The terminology "vector processor" refers to a completely different type of arch...

dahart · on Nov 30, 2021

What definition of vector processor are you thinking of? Wikipedia’s definition appears to agree with the parent, and even states “Modern graphics processing units […] can be considered vector processors” https://en.wikipedia.org/wiki/Vector_processor

avianes · on Nov 30, 2021

Yes, the definition matches. But that doesn't mean that the architecture and the micro-architecture used is similar.

So.. Yes! We can say that these architectures are some kind of "vector processors", but it will be ambiguous regarding the programming model and the architecture used.

dahart · on Nov 30, 2021

I’m interested to hear what you mean by “vector processor”. What does that imply to the lay person, and how is it different enough to be confusing when applied to GPUs? What does the term imply to you in terms of architecture?

avianes · on Nov 30, 2021

The term "vector processor" generally refers to a processor with a traditional programming model, but which features a "vector" unit capable of performing operations on large vectors of fixed or variable size. It can occupy the vector unit for a significant amount of cycles. The RISC-V Vector extension is a good example of what makes a vector processor.

However, and this is a source of confusion, the standard definition is abstract enough so that many other architecture can be called "vector processor".

Regarding modern GPGPU (with SIMT architecture) we are dealing with a programming model named SIMT (Single-Instruction Multiple-Thread) in which the programmer must take into account that there is one code for multiple thread (a block of thread), each instructions will be executed by several "core" simultaneously.

This has implications, the hardware has a limited number of "core" so it must split the block of threads into sub-blocks called wraps (1 wrap = 32 threads on Nvidia machines). When we offload compute to a GPU we send him several blocks of wrap. And all wraps will be executed progressively, the GPU scheduler's job is to pick a ready wrap, execute one instruction from the wrap, then pick a new wrap and repeat.

This means that wraps from a block have the ability to get out of sync. With a classical vector processor this kind of situation is not possible (or not visible architecturally), it is not possible for a portion of the vector to be 5 instructions ahead for example. Therefore, GPU includes instructions to resynchronize wraps from a group, while vector processors don't need this. But it also means that you expose much more unintentional dependency between data with a vector processor.

dahart · on Nov 30, 2021

> the standard definition is abstract enough

It seems like you’re making the case that the term “vector processor” should be interpreted as something general, and not something specific?

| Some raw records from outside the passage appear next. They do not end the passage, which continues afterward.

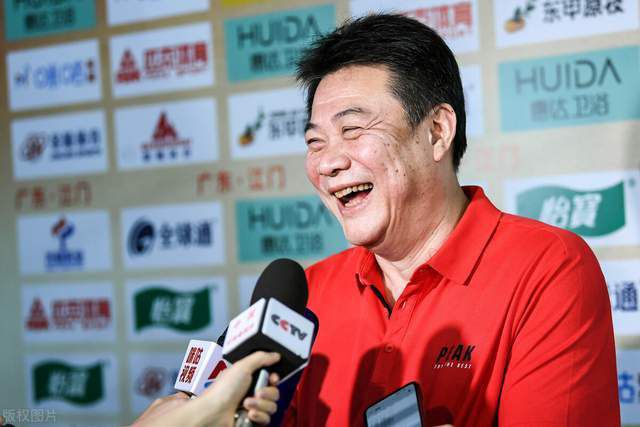 精品福利在线播放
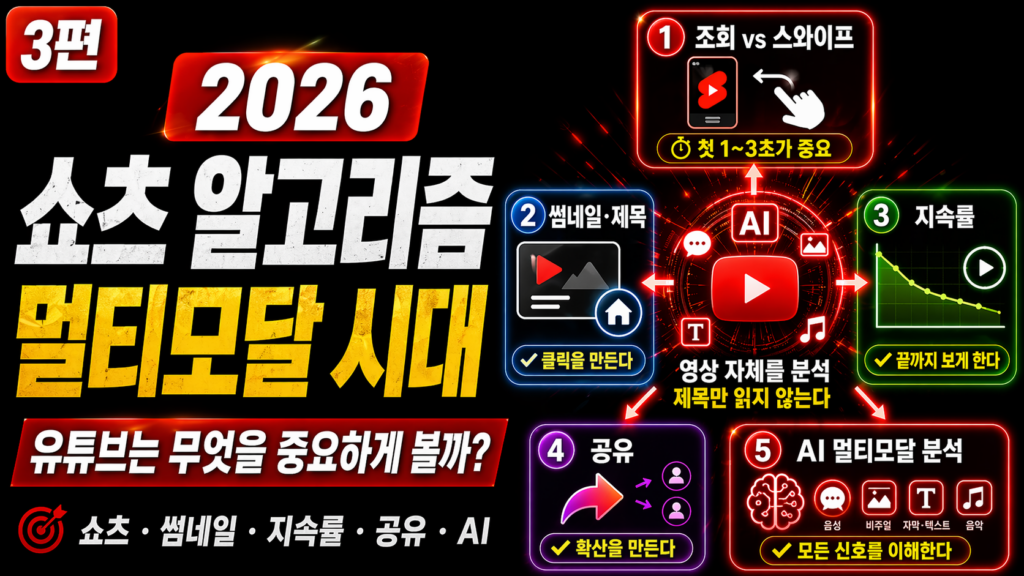 chatgpt image 2026년 4월 23일 오후 09 16 11 복사본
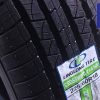 Vỏ lốp ô tô LingLong 225/60R18 CROSSWIND 4X4 HP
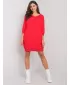 Haljina BASIC FEEL GOOD RV-SK-7203.35P IZD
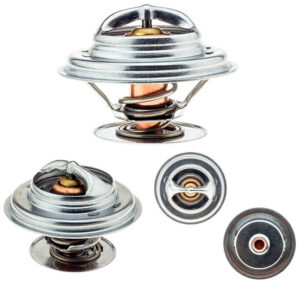 Termostato Estándar 82C/ 180F > 84-248-180 Part Master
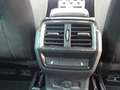 Skoda Karoq 1.5 TSI DSG ACT Tour KlimaA Kam Virt.Cockpit LHZ 4 Grau - thumbnail 15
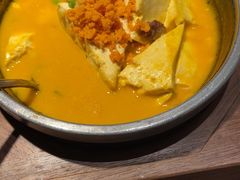 -将相和·海鲜蒸饺大连菜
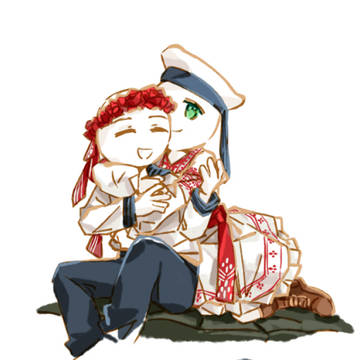 无题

Since the Cray vector processor predates RISC-V by ~35 years, isn’t the suggestion above to use it the way Cray did fairly reasonable? It doesn’t seem like it’s really adding much confusion to include GPUs under this already existing umbrella term...

> With a classical vector processor […] it is not possible for a portion of the vector to be 5 instructions ahead

Just curious here, the WP article talks about how one difference between “vector” processing and SIMD is that vector computers are about variable length vectors by design, where SIMD vectors are usually fixed length. How does that square up with what you’re saying about not having any divergence?

This feels like it’s comparing apples to oranges a little… a SIMT machine has different units ahead of others because they’re basically mini independent co-processors. If you have a true vector processor according to your definition, but simply put several of them together, then you would end up with one being ahead of the others. That’s all a modern GPU SIMT machine is: multiple vector processors on one chip, right? It seems like time and scale and Moore’s Law would inevitably have turned vector processors into a machine that can handle divergent and/or independent blocks of execution.

BTW, not sure if it was just auto-correct, but you mean “warp” and not “wrap”, right?

avianes · on Dec 1, 2021

> BTW, not sure if it was just auto-correct, but you mean “warp” and not “wrap”, right?

Oh, sorry I totally meant "warp" not "wrap", I don't know how I introduced that typo.

> It seems like you’re making the case that the term “vector processor” should be interpreted as something general, and not something specific?

Not exactly, I am in favor of using a specific term, and in particular keeping the use of the term "vector processor" for machines similar to the Cray ones. But I admit that the term is used in a more abstract way. For instance the Intel AVX extension means "Advanced Vector Extensions" while it is definitely a SIMD extension. Computer architecture lacks of accurate/strict definitions, probably because there are often many possible implementations of the same idea. Then we sometimes find ourselves using words that are a bit disconnected from their original idea. The architectures that Cray's engineers came up with have not much to do with the modern SIMT architecture. That's why I find it confusing.

> vector computers are about variable length vectors by design, where SIMD vectors are usually fixed length. How does that square up with what you’re saying about not having any divergence?

Not sure if I understood the question correctly. But after execution of a vector or SIMD instruction, the vector or SIMD register is seen as containing the outcome of the operation, it's not possible to observe in the register a temporary value or an old value because it has not been processed yet. While with a SIMT programming model and architecture it is possible to observe it if we omit synchronization. This is a very clear difference in observable architectural states.

> If you have a true vector processor according to your definition, but simply put several of them together, then you would end up with one being ahead of the others.

Of course you can reproduce a model similar to SIMT with a lot of vector or scalar processors by changing the programming model and the architecture significantly. But then it seems reasonable to me to call that an SIMT programming model & architecture

> That’s all a modern GPU SIMT machine is: multiple vector processors on one chip, right?

Sort of.. But splitting the compute into groups and warps is not negligible, it implies big differences in the architecture, in uarch, in design, and programing model. So it makes sense to give a different name when there are many significant changes.